-- Exercise goal --
An exact copy of the entries is needed, with every picture left out.

-- Raw data --
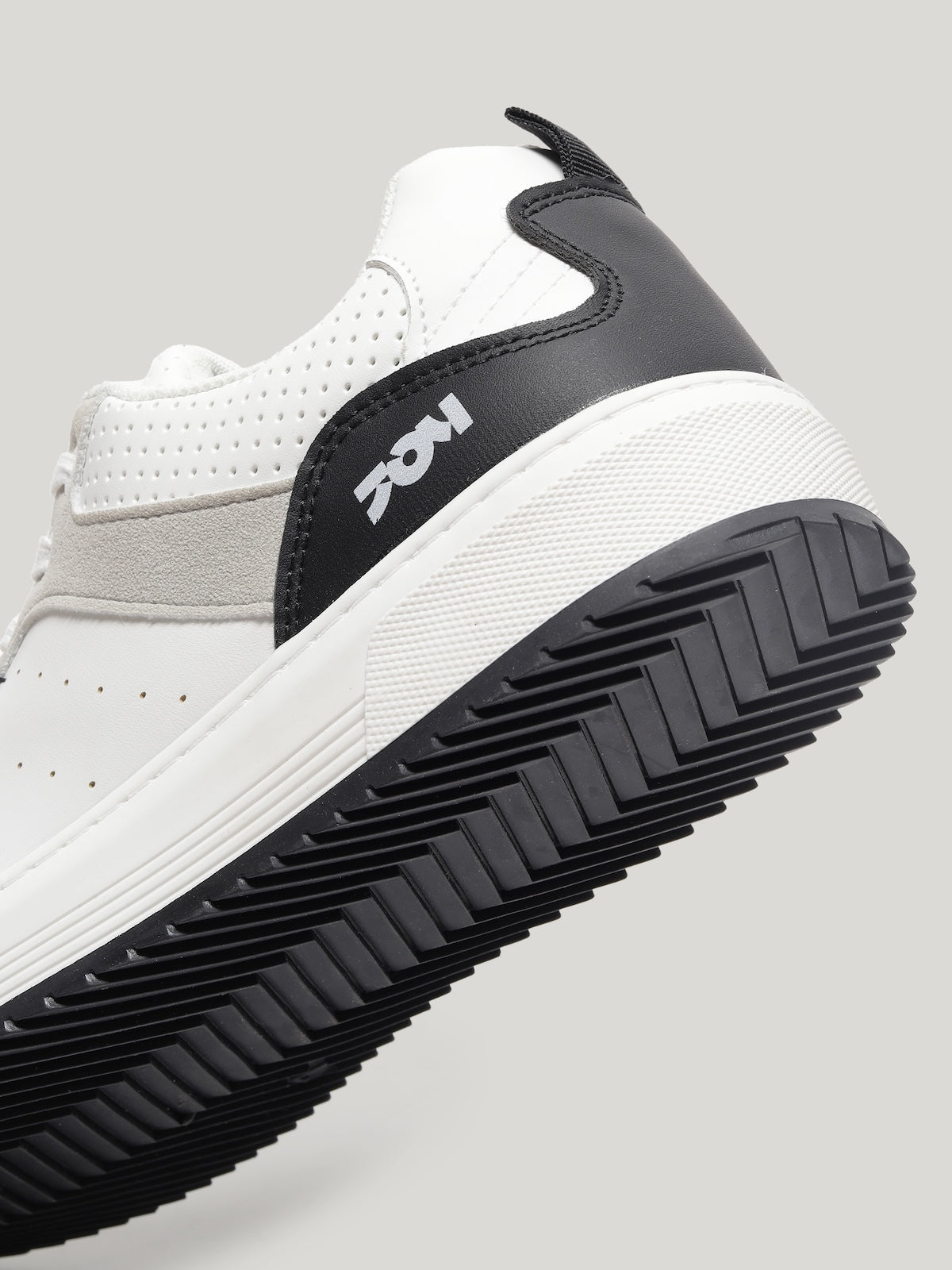 JM071 - Men's Lace up Shoes White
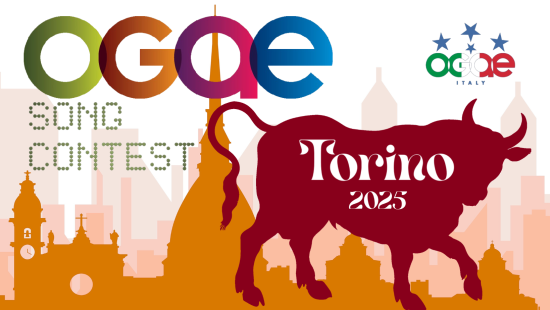 OGAE Song Contest - Torino 2025 Logo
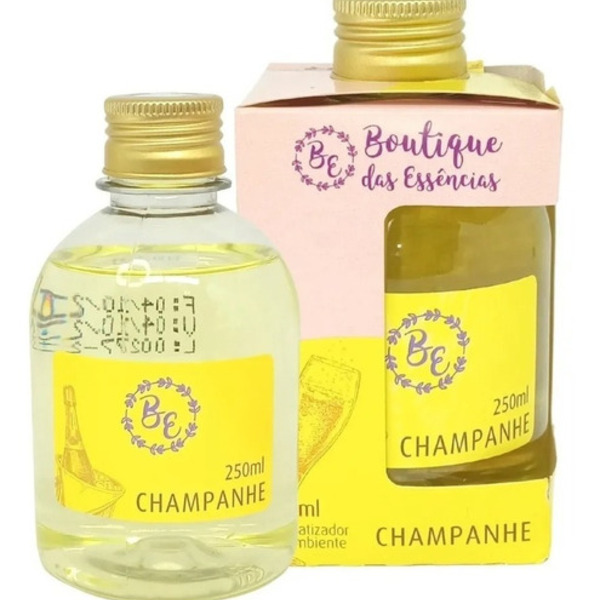 Aromatizador De Ambiente 250 Ml Boutique  Champanhe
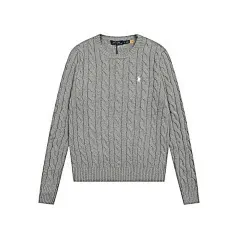 Ralph Lauren Cable Knit Sweater Red - 26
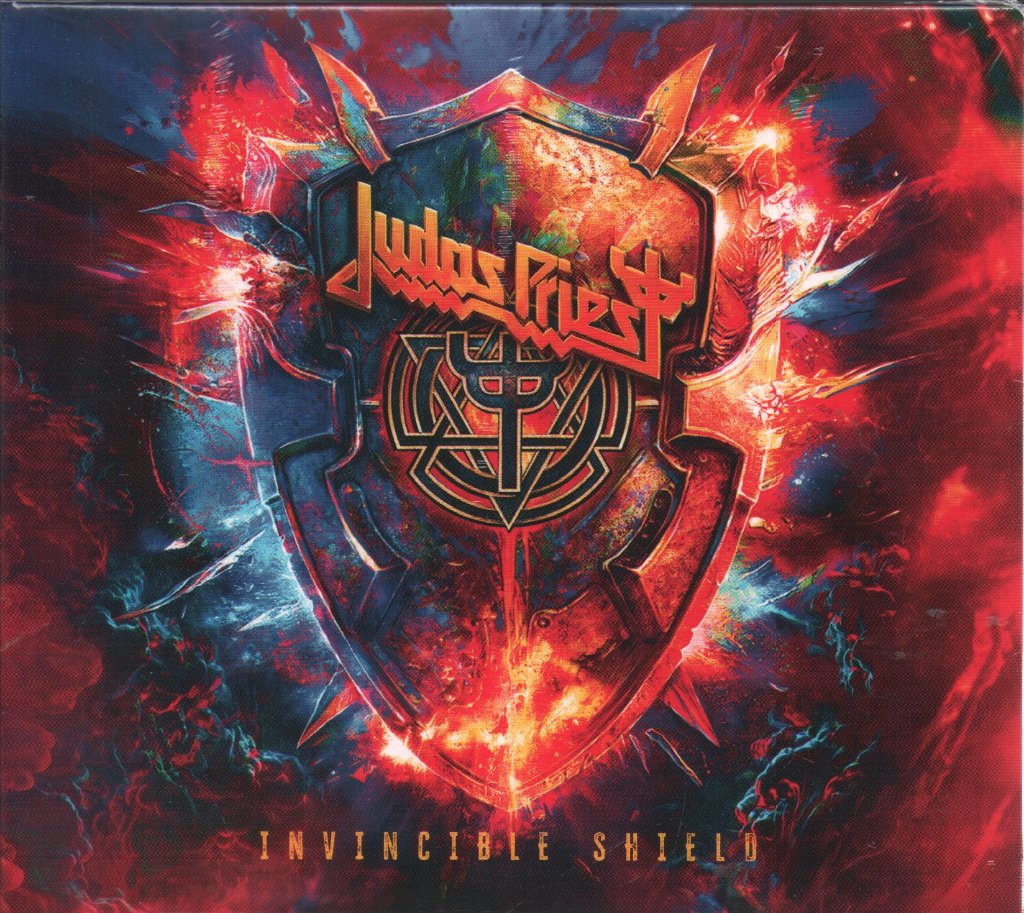Judas Priest - Invincible Shield - Cd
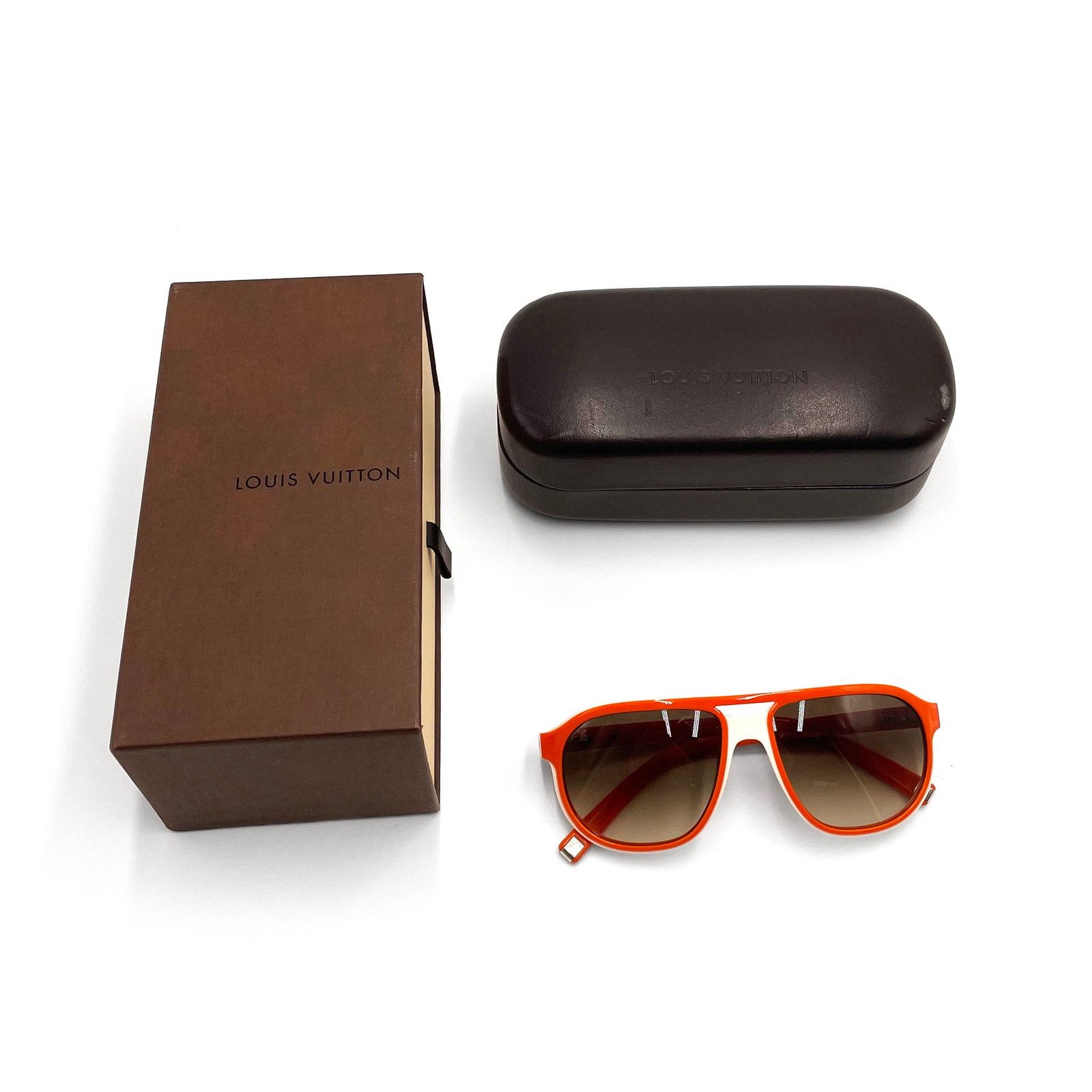 Louis Vuitton Aviator Sunglasses Size ONE SIZE - 5 Thumbnail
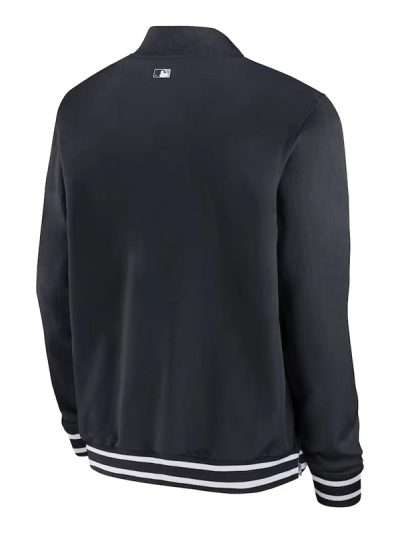 New York Yankees Black Bomber Jacket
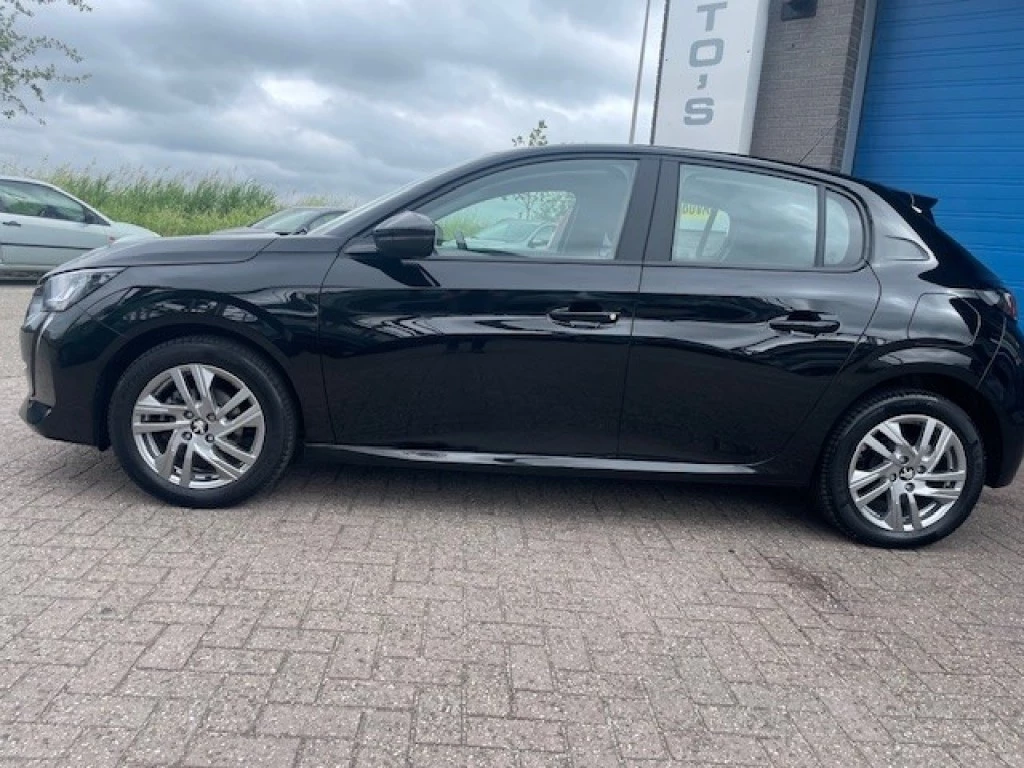 Hoofdafbeelding Peugeot 208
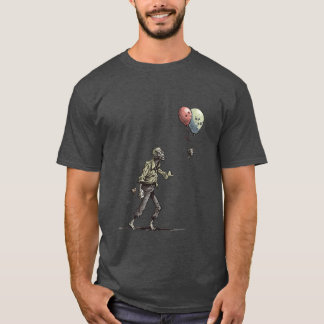 Camiseta personalizado Zombie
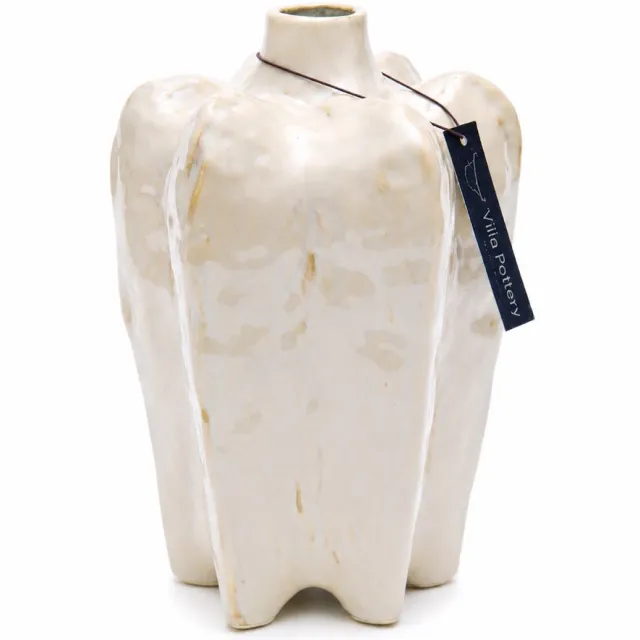 Villa Pottery Vaas - Villa Pottery - Decoratie - Woondecoratie - Keramiek - Summer 4 Beige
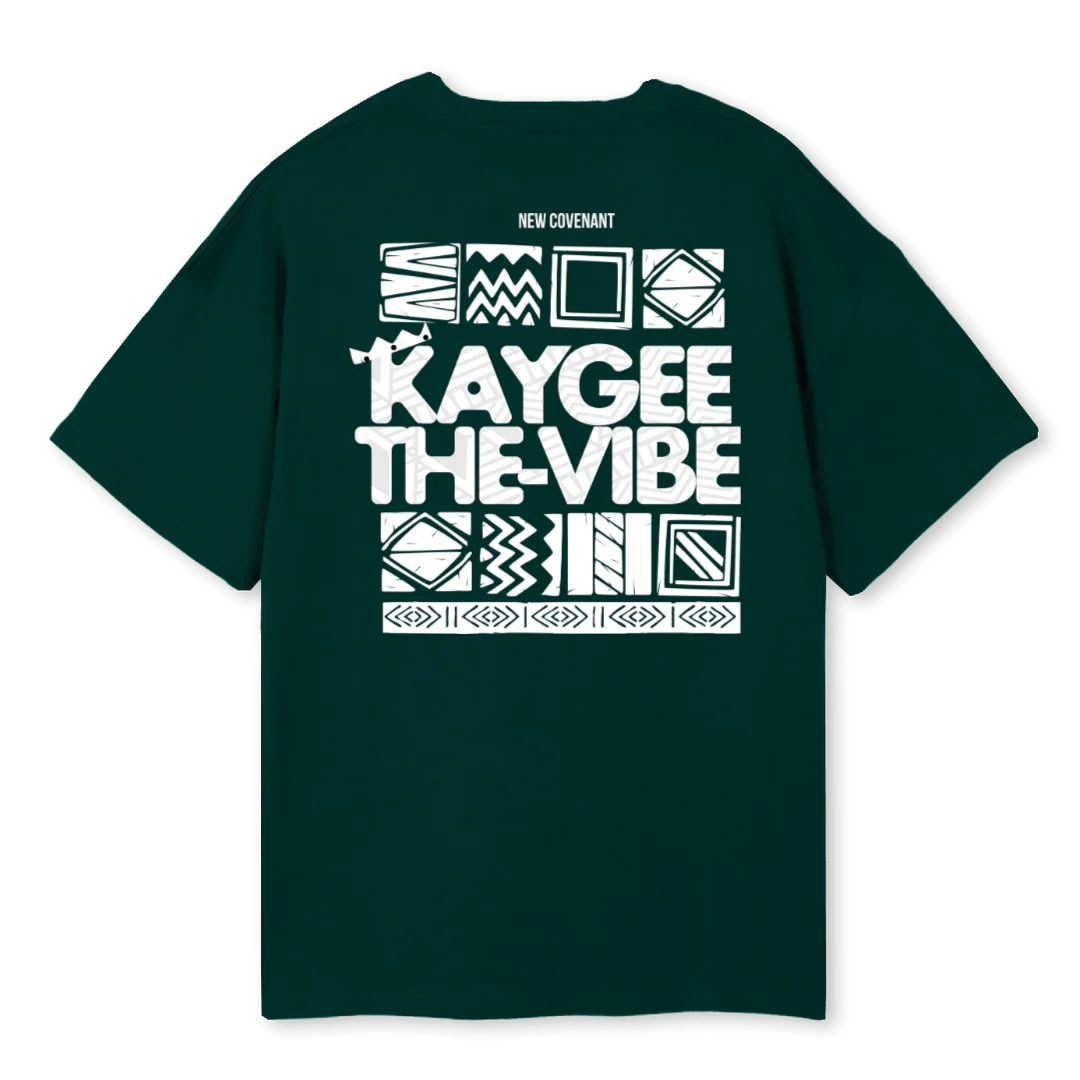 KAYGGRENHER Wild Green Oversized Tee. - Image 2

-- Problem solution --
 JM071 - Men's Lace up Shoes White
 OGAE Song Contest - Torino 2025 Logo
 Aromatizador De Ambiente 250 Ml Boutique  Champanhe
 Ralph Lauren Cable Knit Sweater Red - 26
Judas Priest - Invincible Shield - Cd
 Louis Vuitton Aviator Sunglasses Size ONE SIZE - 5 Thumbnail
 New York Yankees Black Bomber Jacket
 Hoofdafbeelding Peugeot 208
 Camiseta personalizado Zombie
 Villa Pottery Vaas - Villa Pottery - Decoratie - Woondecoratie - Keramiek - Summer 4 Beige
 KAYGGRENHER Wild Green Oversized Tee. - Image 2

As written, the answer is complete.